> _GOAL OF THE EXERCISE_
Look below for the line with "This is Blanca"; begin the copy there and stop after the line with "Good day everybody.", keeping the text exact and the pictures out.

[Saved entries]
--*--

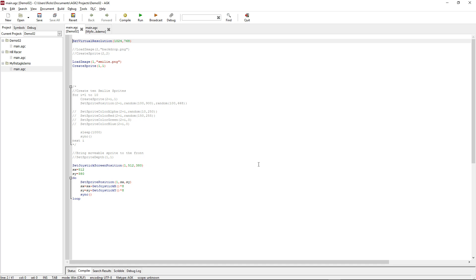Hi, welcome back. This is the third tutorial on App Game Kit, and in this one I'm taking the project that I did in the second tutorial and adding more commands to it.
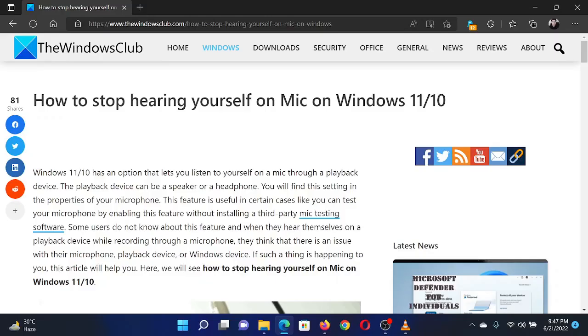Welcome to the Windows Club. If you wish to stop hearing yourself on the microphone in your Windows computer, either read through this article on the website or simply watch this video. I will guide you through the procedure.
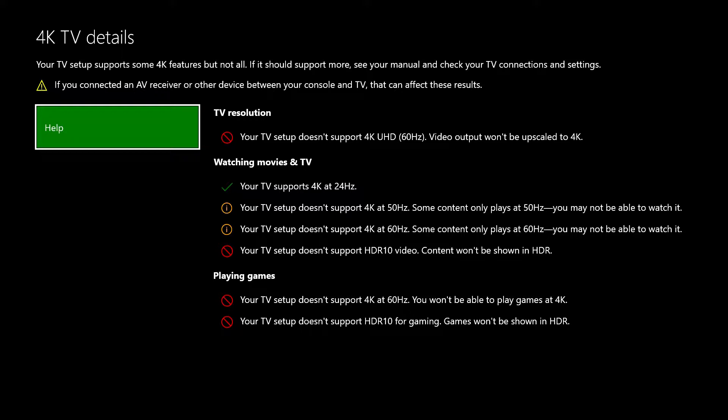That your HDMI cable is 4K compatible and as short as possible to minimize communication interference, and your Xbox is plugged into a port on your TV that supports 4K input.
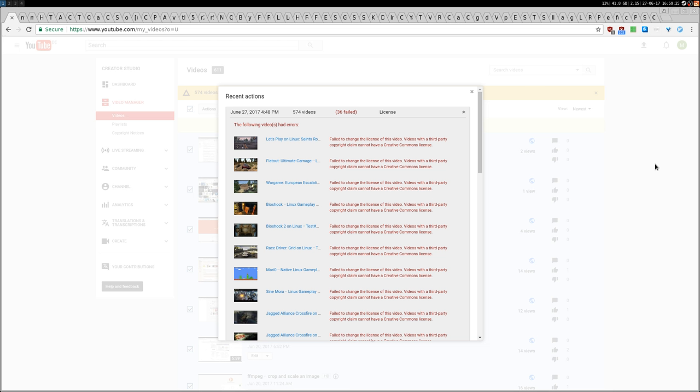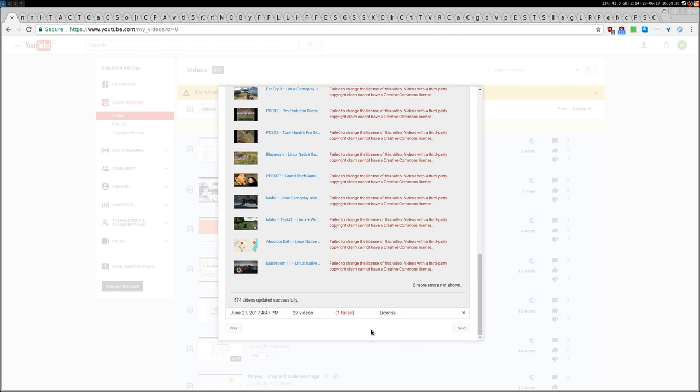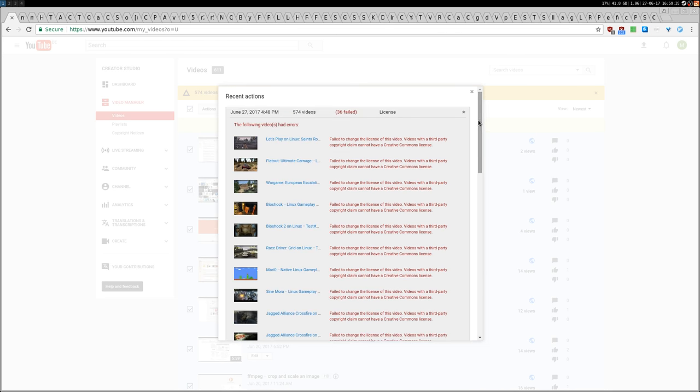Some of them, like 36 here and another one here, so less than 40 videos, I wasn't able to change the license because they have some third-party copyright, maybe some soundtrack. If it's a game, there is a soundtrack and there is a copyright on that soundtrack, so I wasn't able to change from the standard YouTube license to Creative Commons. Anyway, as far as I'm concerned, you can also grab them.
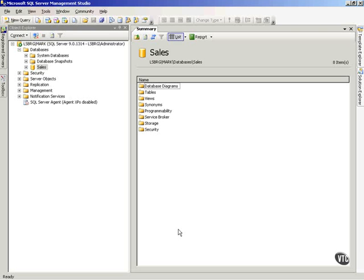Now let's take a look at managing database level permissions. Very similar to server level permissions except that on the entire server I want to do it just on a database.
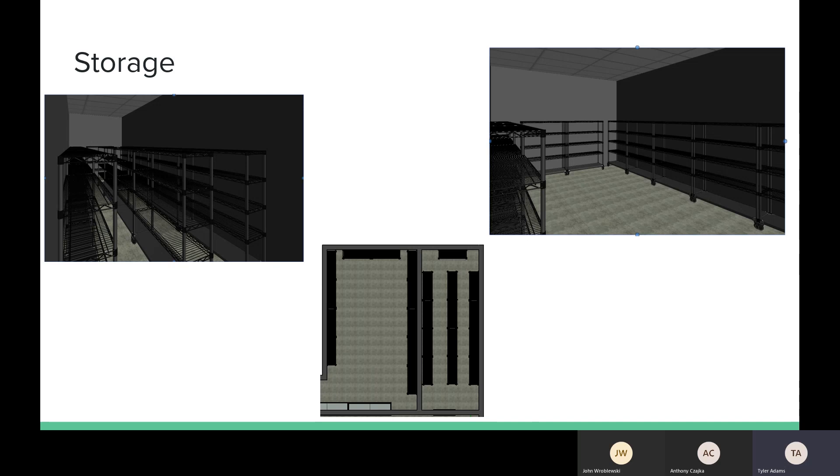Here we have the storage room. The picture on the right is the all-athletes storage. So that's where basketball would store their stuff, baseball as well. And the storage picture on the left is for football storage, specifically for football pads, helmets, etc.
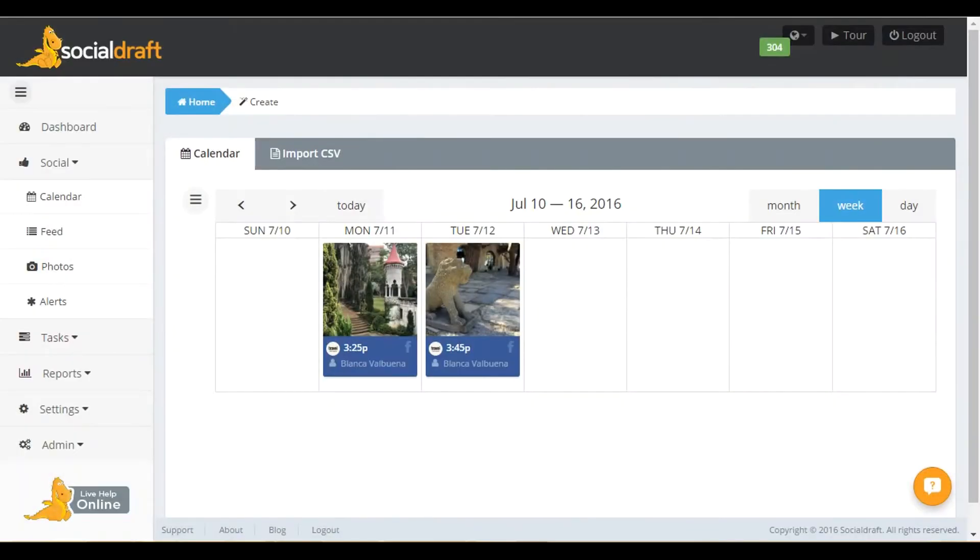This is Blanca with Social Draft, the social media calendar that lets you schedule to Facebook business pages, Facebook groups, Twitter, LinkedIn, Instagram, and Pinterest.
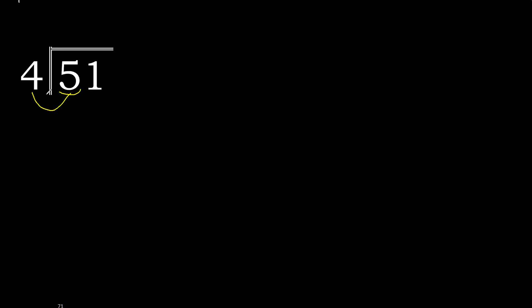51 divided by 4. 5 is not less, therefore with 5, 4 multiplied by which number is nearest to 5 but not greater? 4 multiplied by 2 is 8, 8 is greater. 4 multiplied by 1 is 4, it is not greater. 5 minus 4 is 1.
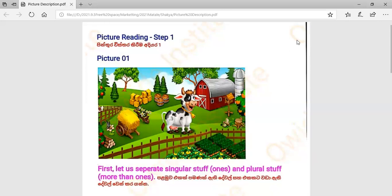Good day everybody. Today, we are going to describe pictures. This is very useful in building up your confidence in speaking English.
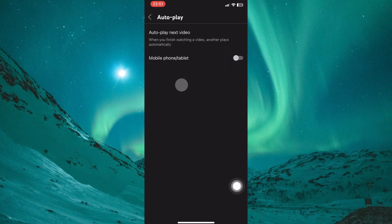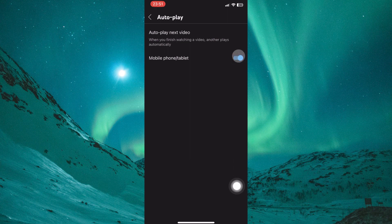On the autoplay page, you will see the Autoplay Next Video option. Below it, you have mobile phone or tablet and a toggle button next to it. This switch is the key to enabling autoplay for YouTube Shorts. By default, it might be turned off. Simply tap the switch to turn it on. When enabled, YouTube will automatically begin playing the next video in your queue as soon as the current short finishes.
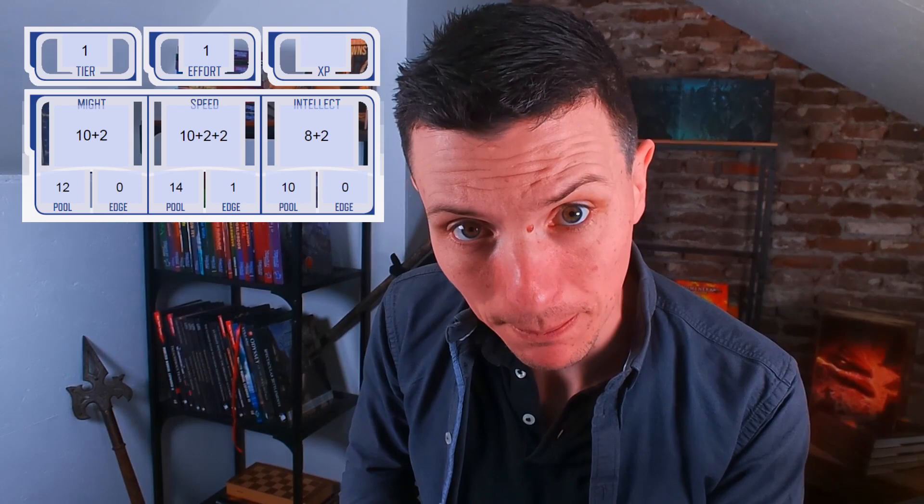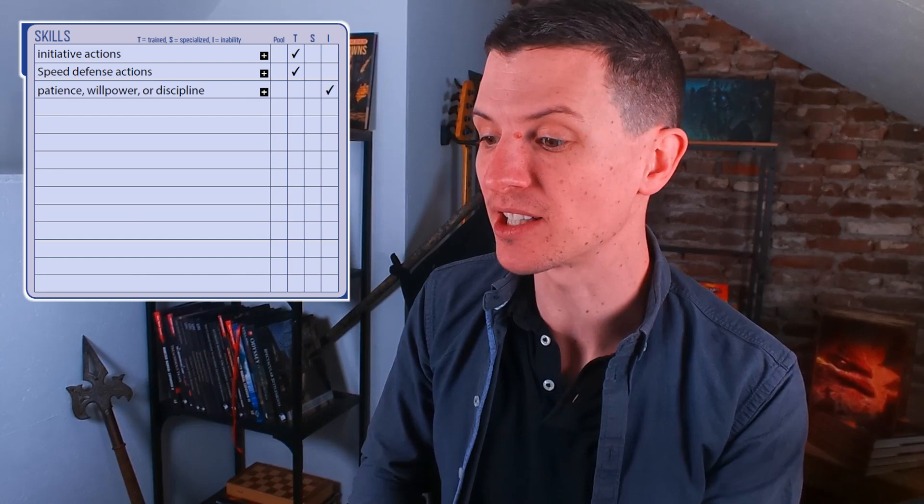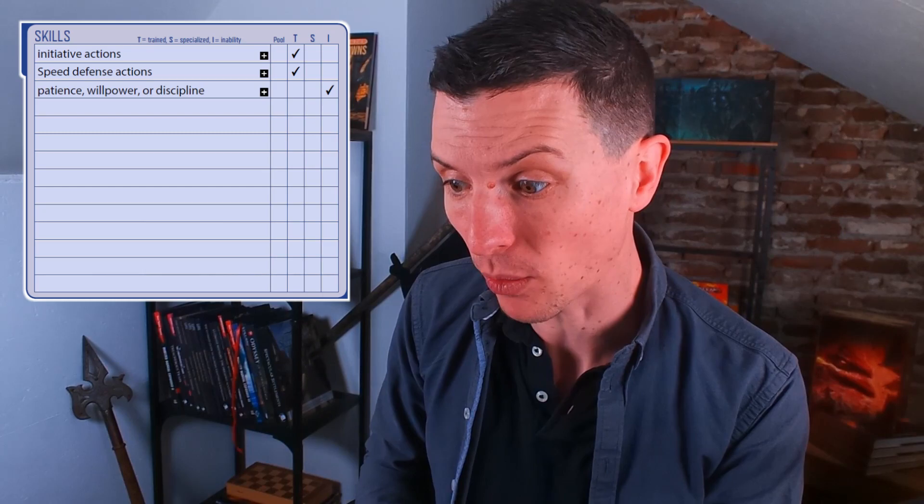For equipment, I don't want to go too deep because you need to figure that out for yourself, but I went with a big sword, a somewhat big shield, and spiked balls to throw. Then we look at the descriptor: since I went with impulsive, it gives me plus two to my speed pool, bringing it all the way up to 14. I am also trained in initiative actions and speed defense actions, and to balance that out I have an inability in willpower, patience, and discipline tasks.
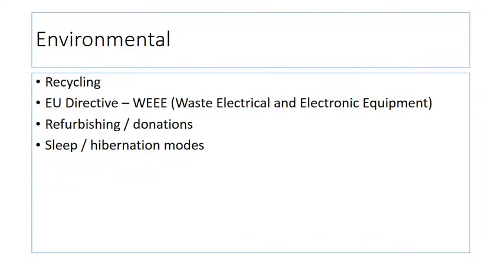Environmental issues. For example, recycling — you can recycle the different components within your PC to make sure they don't end up on a landfill site in a different country. There are different EU directives, such as WEEE, which looks at how waste electrical and electronic equipment can be dealt with after it's gone past its shelf life.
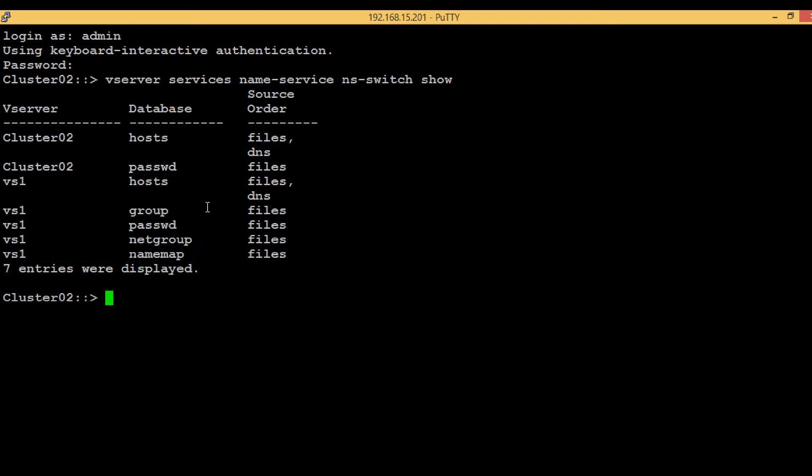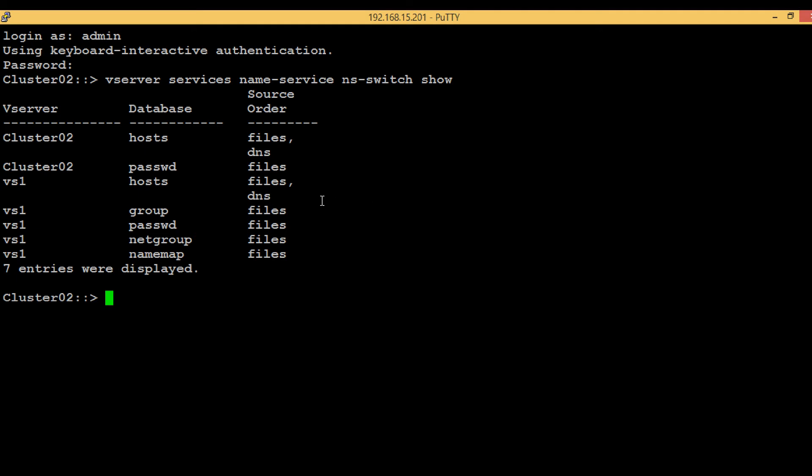For each name service, the source has been configured. The first one is host where the name service sources are files and DNS. Files is the information stored within NetApp and DNS is the domain name services server which is external to NetApp. NetApp will search the files first; if no search result came, then it will go for DNS.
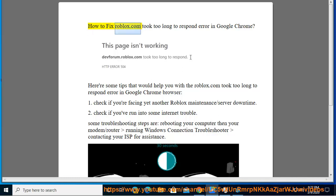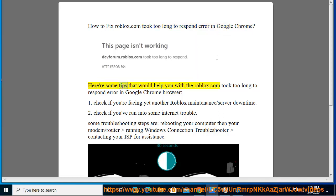How to fix the Roblox.com 'Took too long to respond' error in Google Chrome. Here are some tips that would help you with the Roblox.com 'Took too long to respond' error in Google Chrome browser.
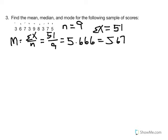Notice that the mean of 5.67 is not one of our values in the distribution. It is very possible that the mathematical center will not be one of our values, simply because the process requires that we take the sum of all scores and divide by how many we have.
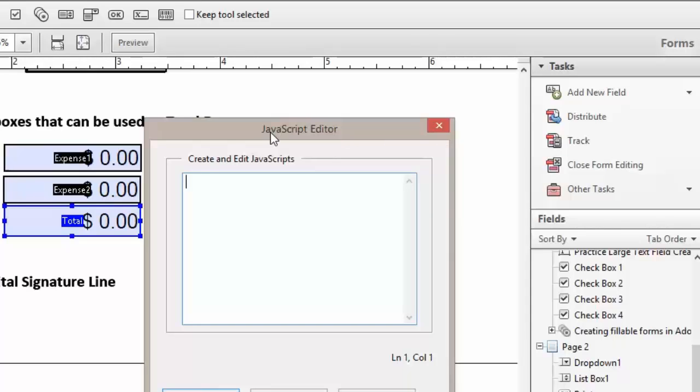Now this is extremely important. You need to type in the name of the text box field exactly. So we have expense1 with no spaces and expense2 with no spaces.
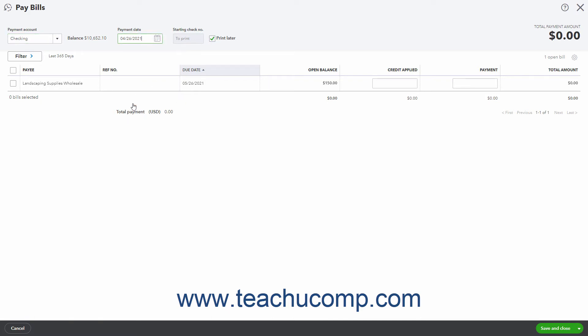To print the bill payment checks later, check the Print Later checkbox. Alternatively, to enter the starting check number to record checks already created, uncheck the Print Later checkbox and then enter the starting check number into the Starting Check number field that appears.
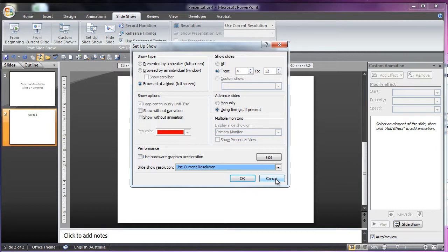That's pretty much the slideshow settings, thank you for watching, bye.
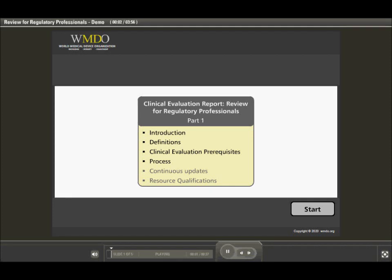This course will review the regulatory documents in which the requirements for clinical evaluation of a medical device are outlined, what the prerequisites are before starting a clinical evaluation, and how these tie into the objectives of a clinical evaluation.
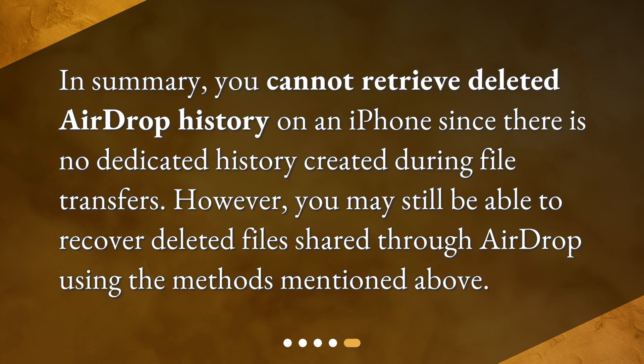In summary, you cannot retrieve deleted airdrop history on an iPhone since there is no dedicated history created during file transfers. However, you may still be able to recover deleted files shared through airdrop using the methods mentioned above.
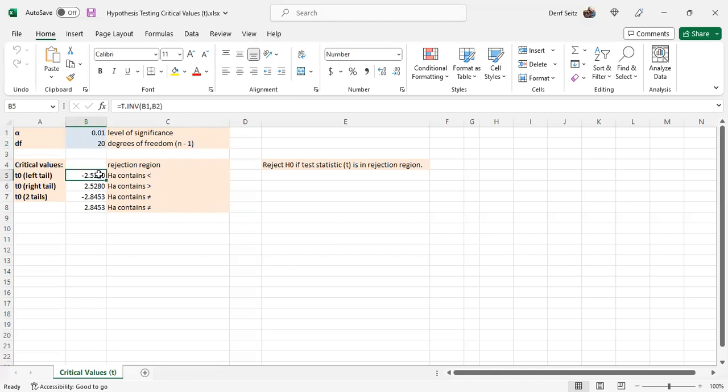The spreadsheet calculates critical values for three different kinds of hypothesis tests: a left tail, a right tail, and a two-tailed test.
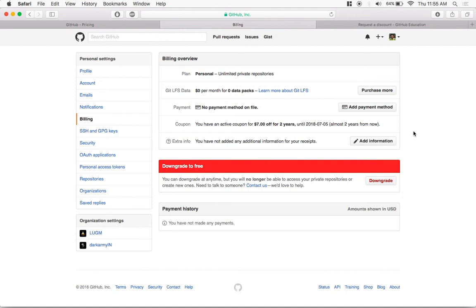If you want the coupon for another two years, make sure you follow the same steps and it will be automatically added to your account.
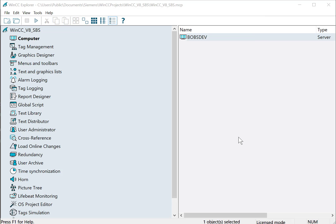With Auto Start configured, the next time the computer is rebooted, this project will go directly into runtime. With the other settings that we set previously, the user will not be able to get into the operating system unless they have authorization.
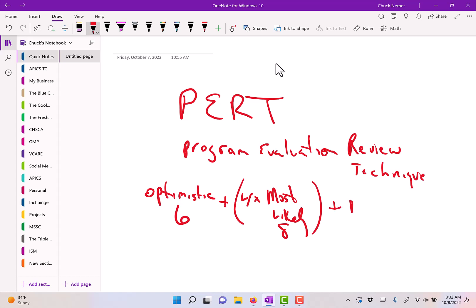Then finally add the most pessimistic or worst case, perhaps 10. Now, I just picked 6, 8, and 10—it's whatever you feel. But if you do the math, then you got 6 plus 32 plus 10, which is 48.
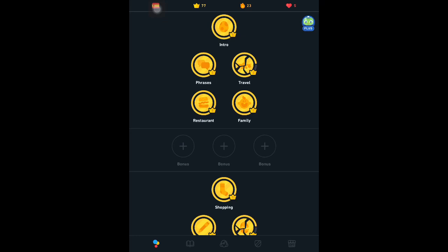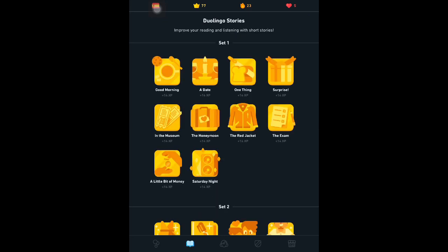First of all, we should go to our dual language stories. You can select any one of the stories that we have unlocked. For now I'm selecting the first one, Good Morning.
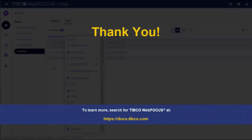To learn more, search for TIBCO WebFocus at docs.tibco.com.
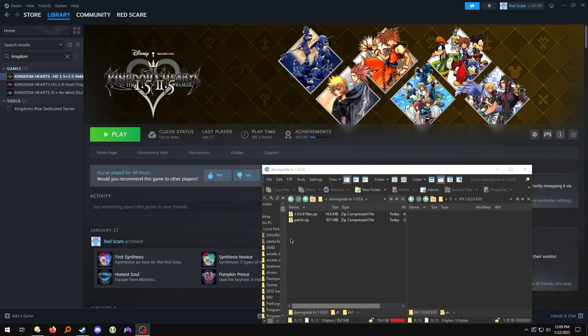Hi, this is a short guide on how to downgrade the files from your Steam release of Kingdom Hearts 1.5 Plus 2.5 to be the proper 1.0.0.8 Epic Game Store version for use with certain older mods for Kingdom Hearts 1, most notably Kingdom Hearts Critical Mix by Zendra.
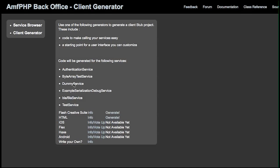Here we have the various services we're going to be generating code for. And currently we have two templates that are available. One is for Flash Creative Suite and the other is for HTML. We have some other ones that are coming, so bear with us for that.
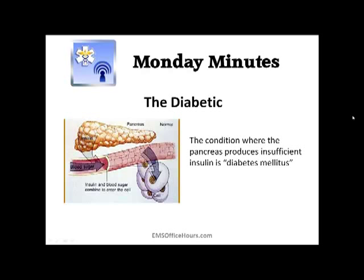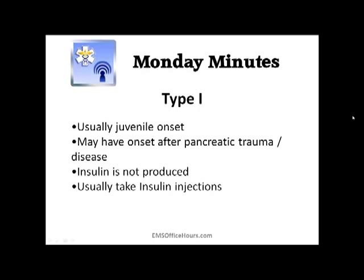So the diabetic patient can't produce enough insulin. The pancreas isn't doing it for the patient and the patient becomes diabetic. Type 1 diabetes — you usually get it when you're a kid, that's the most common onset. You might also have it if you have some type of pancreatic disease or even trauma to the pancreas. The insulin is not getting produced and the patient normally takes insulin injections.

--*--

> _RESPONSE BELOW_
This is Blanca with Social Draft, the social media calendar that lets you schedule to Facebook business pages, Facebook groups, Twitter, LinkedIn, Instagram, and Pinterest.
51 divided by 4. 5 is not less, therefore with 5, 4 multiplied by which number is nearest to 5 but not greater? 4 multiplied by 2 is 8, 8 is greater. 4 multiplied by 1 is 4, it is not greater. 5 minus 4 is 1.
Good day everybody. Today, we are going to describe pictures. This is very useful in building up your confidence in speaking English.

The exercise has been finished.